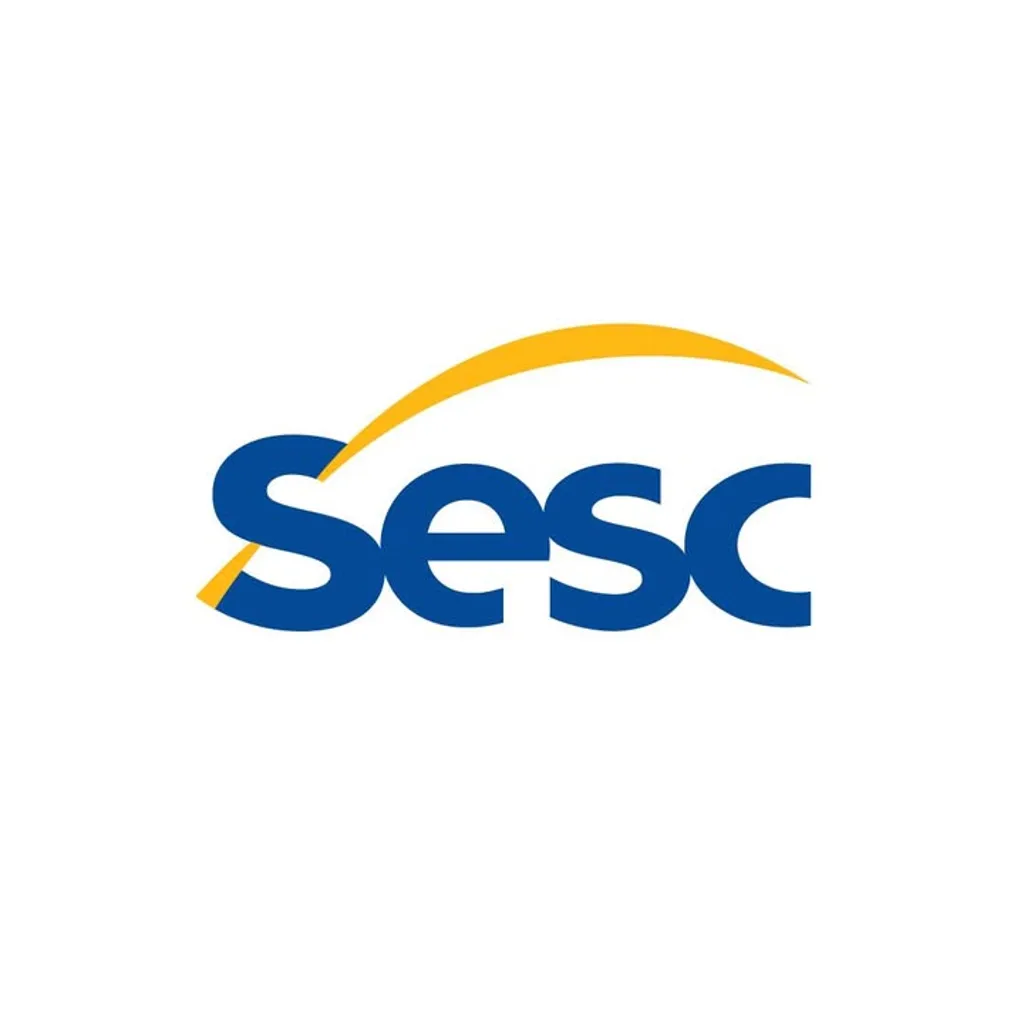 Sesc em Minas. Belo Horizonte, Minas Gerais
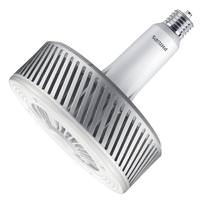 Philips 145 watt 120/277 volt Exclusionary Mogul Screw Base 5000K Daylight Dimmable LED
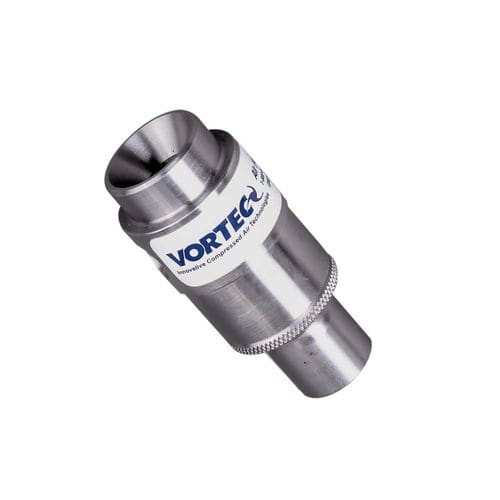 Durchflussleistungsverstärker - 901XSS - ITW Air Management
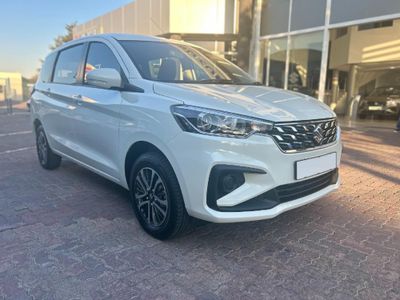 2026 Suzuki Ertiga 1.5 GL Auto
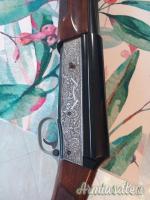 Franchi Silver California  12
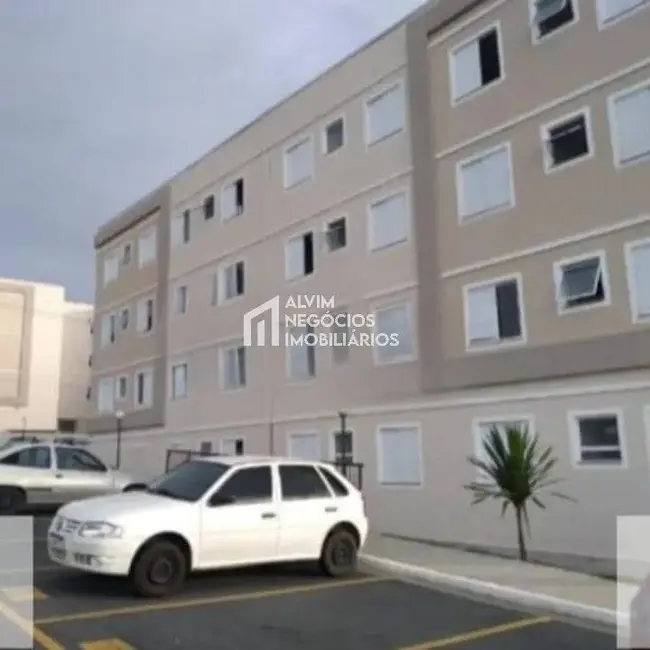 Foto 1 de Apartamento com 2 quartos à venda e para alugar, 43m2 em Sao Jose Dos Campos - SP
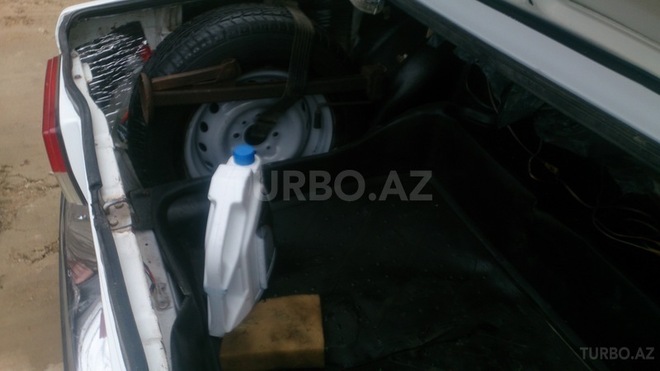 LADA (VAZ) 2106 2002, 86,957 km - 1.6 l - Bakı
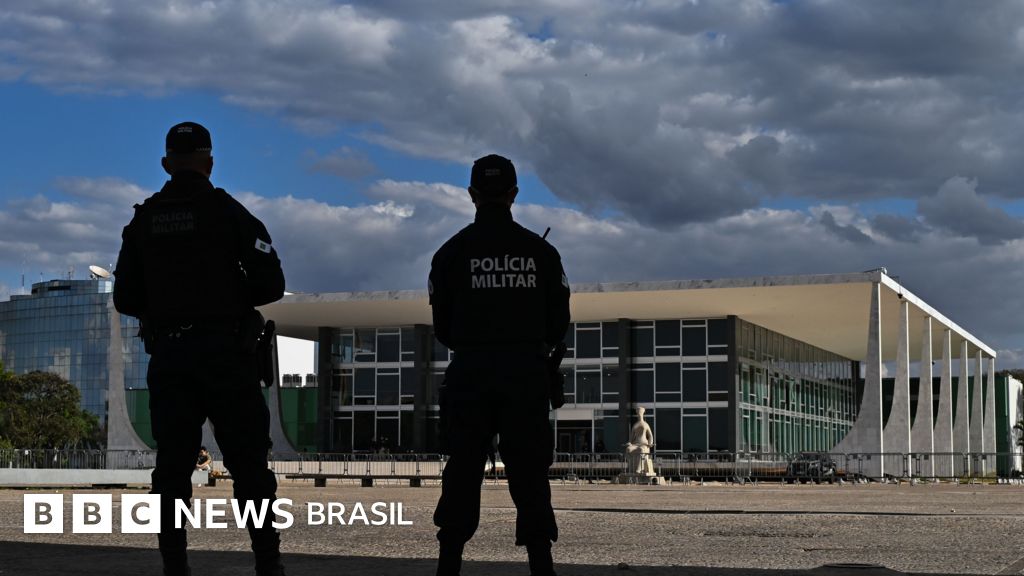 O que imprensa internacional disse sobre julgamento de Bolsonaro: 'Provocação a Trump'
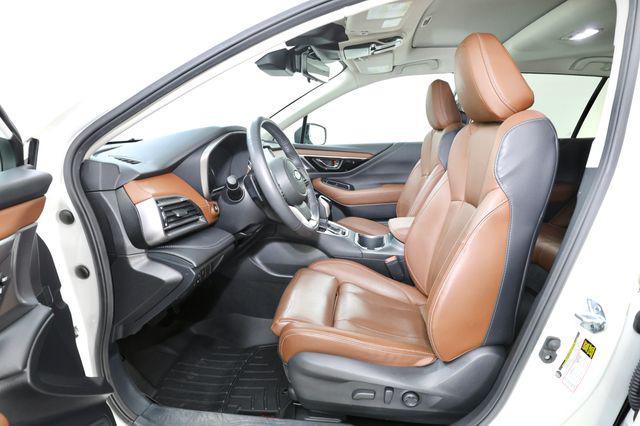 used 2023 Subaru Outback car, priced at $28,990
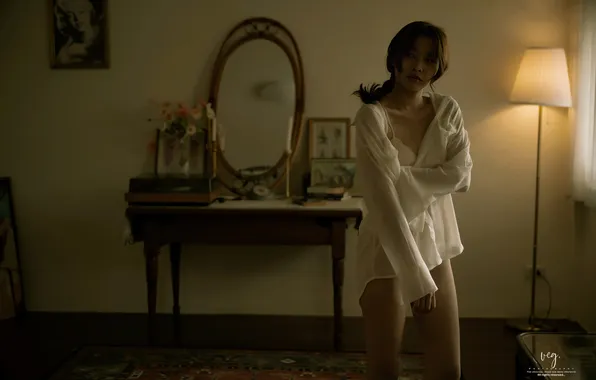 Girl, sexy, girls, woman, model, china, asian, cute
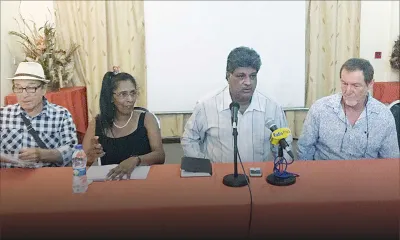 BAI investors seek refund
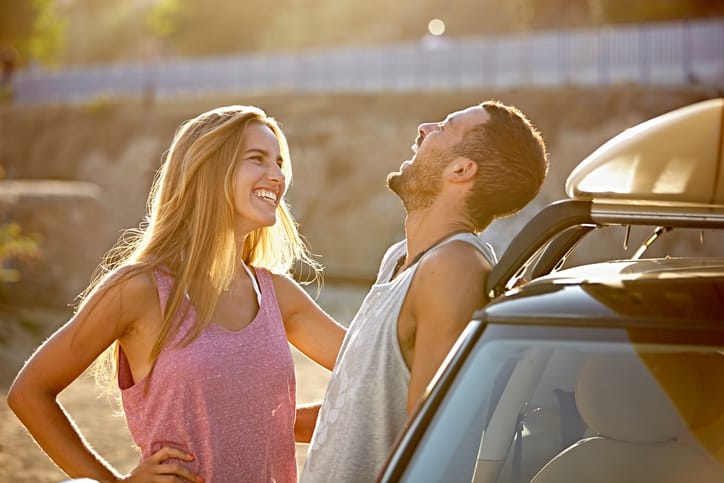 If He Has Zero Female Friends, That’s A Huge Red Flag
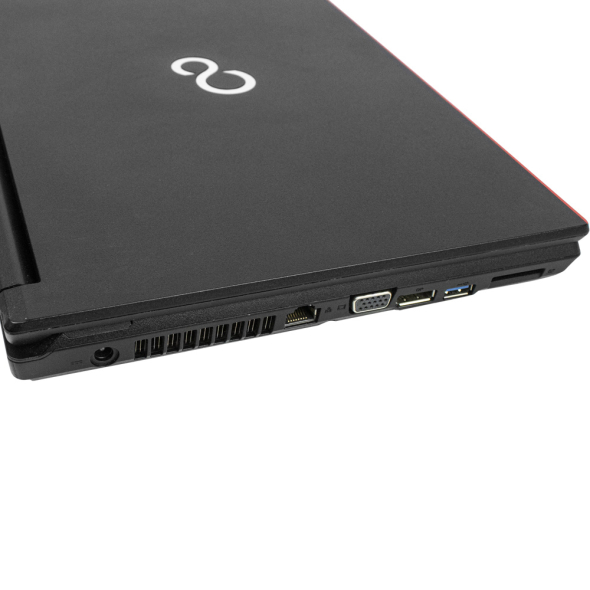 Ноутбук 14&quot; Fujitsu Lifebook E544 Intel Core i3-4000M 4Gb RAM 120Gb SSD - 7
══════
# TASK STATEMENT
Please copy out the whole listing exactly, minus its pictures.

# ANSWER AREA
 Sesc em Minas. Belo Horizonte, Minas Gerais
 Philips 145 watt 120/277 volt Exclusionary Mogul Screw Base 5000K Daylight Dimmable LED
 Durchflussleistungsverstärker - 901XSS - ITW Air Management
 2026 Suzuki Ertiga 1.5 GL Auto
 Franchi Silver California  12
 Foto 1 de Apartamento com 2 quartos à venda e para alugar, 43m2 em Sao Jose Dos Campos - SP
 LADA (VAZ) 2106 2002, 86,957 km - 1.6 l - Bakı
 O que imprensa internacional disse sobre julgamento de Bolsonaro: 'Provocação a Trump'
 used 2023 Subaru Outback car, priced at $28,990
 Girl, sexy, girls, woman, model, china, asian, cute
 BAI investors seek refund
 If He Has Zero Female Friends, That’s A Huge Red Flag
 Ноутбук 14&quot; Fujitsu Lifebook E544 Intel Core i3-4000M 4Gb RAM 120Gb SSD - 7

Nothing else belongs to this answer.